From October 1845 to March 1846, she was recommissioned at Woolwich and put under Commander Edward Crouch and became part of the Squadron of Evolution serving off the west coast of Africa passing to Captain Charles Hotham in May 1846. Hotham was later Governor of Victoria.

In 1846, under Hotham she joined the Experimental Squadron in Portsmouth. After a brief time back with Captain Crouch it passed to Reginald Thomas John Levinge, third son of Sir Richard Levinge, baronet. This was still off the coast of West Africa. In September 1847, command passed to Commander Reynell Charles Michell for 12 months who took her to the Cape of Good Hope.

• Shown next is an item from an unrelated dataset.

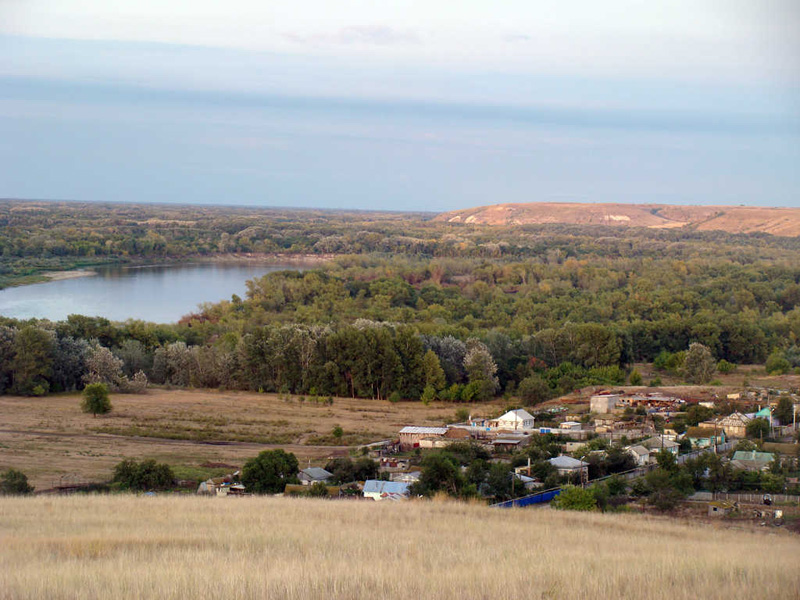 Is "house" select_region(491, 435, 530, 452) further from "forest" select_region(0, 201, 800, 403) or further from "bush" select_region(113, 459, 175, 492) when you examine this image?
"bush" select_region(113, 459, 175, 492)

In a change of scene in May 1851, she sailed to North America and the West Indies under Captain Colin Yorke Campbell. From 1853 to 1858, she stayed in the West Indies under successive command of: Algernon Frederick Rous de Horsey; Edward Marshall; Leveson Somerset; Charles Wake; and John Kennedy Erskine Baird.

In December 1861, she was posted to the Pacific under John Dobree McCrea. After six months command passed to John William Pike, under whose command in 1864 there were reports of an outbreak of bronchopneumonia.

Still in the Pacific at Christmas 1864 command passed to the Hon Walter Hylton Joliffe who returned her to England in August 1866. She was broken for scrap in 1866.

==Trivia==

Hotham's letters of 1846 to 1848 from the Devastation to England are preserved in the National Archive at Kew.